Notion caches recently visited pages so you can read them offline, but you cannot create new pages or edit databases without a connection. For true offline-first use, choose Obsidian, Joplin, or OneNote. I learned this on a long flight when a new idea had nowhere to go.
Is Obsidian really free?
Yes — free for personal use on unlimited devices. Obsidian Sync ($4/month) and Obsidian Publish are optional paid extras. You can sync for free using iCloud on Apple devices or Dropbox on other platforms, indefinitely.
Does Standard Notes actually encrypt my notes?
Yes. Standard Notes uses AES-256 end-to-end encryption — your notes are encrypted on your device before they reach any server. This protection is part of the free tier, not locked behind a subscription.
Which note-taking app is easiest for beginners?
Google Keep is the lowest-friction start: open it, type, done. Once you want folders, longer documents, or linked databases, OneNote or Notion are the natural next step depending on whether you’re in the Microsoft or Google ecosystem already.
Can I export my notes and switch apps later?
Most apps here export to Markdown or plain text. Notion exports to Markdown and CSV; Obsidian’s files are already native Markdown; Google Keep exports via Google Takeout. OneNote has the least portable formats of the six — factor that in if long-term flexibility matters to you.
Every app here except OneNote gives you clean, portable files — switching later costs effort, not your data.
Which Free Note-Taking App Should You Download First?
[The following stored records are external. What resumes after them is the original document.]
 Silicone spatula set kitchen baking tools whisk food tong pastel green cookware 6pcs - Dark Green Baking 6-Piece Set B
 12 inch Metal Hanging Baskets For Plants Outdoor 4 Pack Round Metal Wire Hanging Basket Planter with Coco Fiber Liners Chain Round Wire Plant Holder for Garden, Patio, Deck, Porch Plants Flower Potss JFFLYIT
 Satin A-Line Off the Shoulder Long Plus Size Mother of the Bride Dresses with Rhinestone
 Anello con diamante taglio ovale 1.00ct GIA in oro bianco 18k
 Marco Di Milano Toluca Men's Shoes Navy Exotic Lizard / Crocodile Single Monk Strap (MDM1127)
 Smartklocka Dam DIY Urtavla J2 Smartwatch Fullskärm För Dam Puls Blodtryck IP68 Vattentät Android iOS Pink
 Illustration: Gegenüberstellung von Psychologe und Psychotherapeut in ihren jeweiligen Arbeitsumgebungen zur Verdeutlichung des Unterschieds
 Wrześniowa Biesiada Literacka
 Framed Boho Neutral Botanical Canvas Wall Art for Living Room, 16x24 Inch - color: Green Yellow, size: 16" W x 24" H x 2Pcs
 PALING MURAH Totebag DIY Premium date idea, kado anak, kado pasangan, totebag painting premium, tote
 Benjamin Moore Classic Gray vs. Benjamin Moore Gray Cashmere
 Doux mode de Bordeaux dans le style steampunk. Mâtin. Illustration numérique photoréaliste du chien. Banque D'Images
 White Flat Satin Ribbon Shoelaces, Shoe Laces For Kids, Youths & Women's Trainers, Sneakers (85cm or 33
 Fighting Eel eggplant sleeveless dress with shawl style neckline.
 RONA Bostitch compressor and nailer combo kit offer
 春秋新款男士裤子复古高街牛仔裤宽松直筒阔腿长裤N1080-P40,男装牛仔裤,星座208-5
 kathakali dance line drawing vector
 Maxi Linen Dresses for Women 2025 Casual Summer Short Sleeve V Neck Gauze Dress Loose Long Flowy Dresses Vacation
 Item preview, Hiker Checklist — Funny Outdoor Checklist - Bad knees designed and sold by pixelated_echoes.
If you’re starting from scratch, I recommend Notion for structured, organised work and Google Keep for fast mobile capture — together they cover 90% of what most people need without overlap. If offline access or privacy is non-negotiable from day one, go straight to Obsidian or Standard Notes instead.
The only wrong choice here is the one you keep postponing. Pick one app, give it two solid weeks before second-guessing yourself, and build the habit from there.
A note-taking system that exists beats a perfect one still under evaluation.